Patrick McSweeney


 

Can the Republicans Regroup?

 

Ridden with dissension after the 2004 budget debate, Republican legislators may be licking their self-inflicted wounds for a long time.


 

There is no way to avoid the conclusion that, even as Republican leaders in the House of Delegates voted against the $1 billion tax increase last Tuesday, they actually helped to secure its passage.

 

House Speaker William Howell and House Majority Leader Morgan Griffith made one decision after another that facilitated tax bills they publicly proclaimed to oppose. On the very day the package of tax and related measures was approved by the House, Howell sent one of the bills to a House committee likely to report the bill to the floor rather than to a committee likely to kill it. He also had every justification to make a ruling that would have blocked another bill in the package, but chose to bring it to a vote.

 

If Howell made a deal not to use his office to block the tax package, it’s difficult to see why he did so or what he received in return. In fact, he still can’t assure his colleagues that the tax fight is over. The Senate is likely to continue ratcheting up the total tax increase as the budget is worked out in conference.

And yet the collapse of the House of Delegates in the showdown over taxes this year was due less to any particular actions either of these two GOP leaders took than to the absence of any consistent strategy.  The leadership vacuum in the House was evident early in the regular session.

 

Many Republicans are wondering how the House, which the GOP controls by such a large margin, could have been rolled so easily. No one expected this outcome when the regular session began in early January.

 

It is mystifying that Howell and Griffith resorted to so many different tactics, including a proposal for a referendum on any new taxes, yet never used the most potent weapon in the anti-tax arsenal. They never made a concerted effort to show that curbing government wastefulness and inefficiency could eliminate the need for a massive tax increase.

 

Both Howell and Griffith now have the worst of all worlds. Seventeen House Republicans publicly defied their leaders on the most controversial issue facing the General Assembly in 2004. The remaining House Republicans are bitter about the outcome of the tax fight. And the Democrats in the chamber have a new lease on life because of their role in putting together the coalition with dissident Republicans that succeeded in winning passage of new taxes.

 

The House Republicans who supported the $1 billion tax hike will never be comfortable in the House Republican Caucus so long as it is led by men they openly rebelled against. It may not be possible for them to make amends with the majority of House Republicans who fought the tax increase to the end.

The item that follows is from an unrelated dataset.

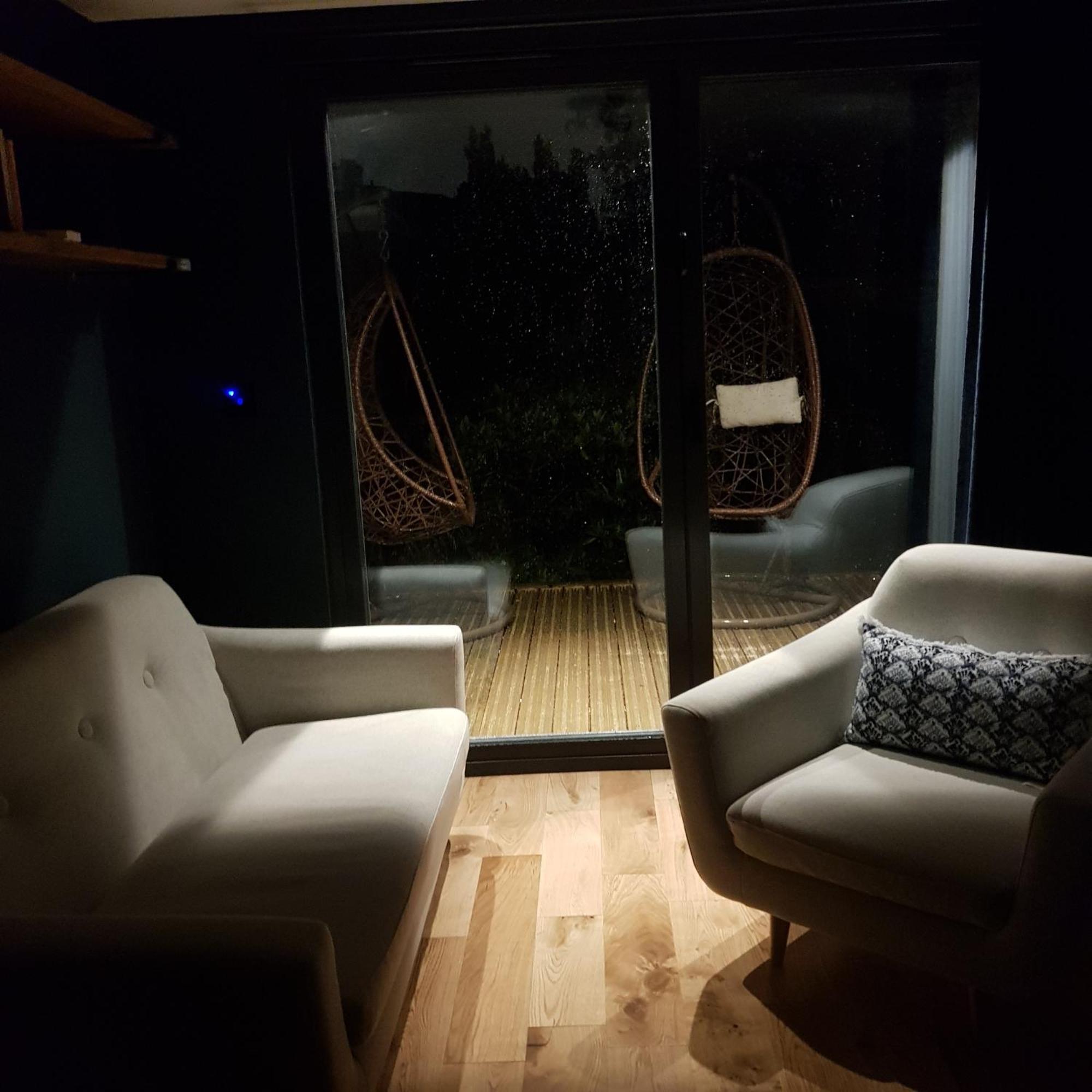 Modern 1-Bed Apartment, Plus Parking, Near Oxford And The Jr Exteriör bild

Perhaps, the grumbling from the anti-tax House Republicans about the failure of their leaders during the tax fight will subside between now and the beginning of the 2005 session, but that’s hardly a safe bet. Next year is an election year and tensions will be even higher.

 

Is there any hopeful sign for Republicans? Maybe.

Gov. Mark R. Warner may be more vulnerable than the pundits acknowledge. Voters will be reminded repeatedly that he broke his campaign promise not to raise taxes.

 

The $1 billion in new taxes will disappear like water poured on sand. Will voters see any significant improvement in state services? If not, the negative effect of higher taxes will register more clearly with them.

 

The question remains: can Republicans regroup?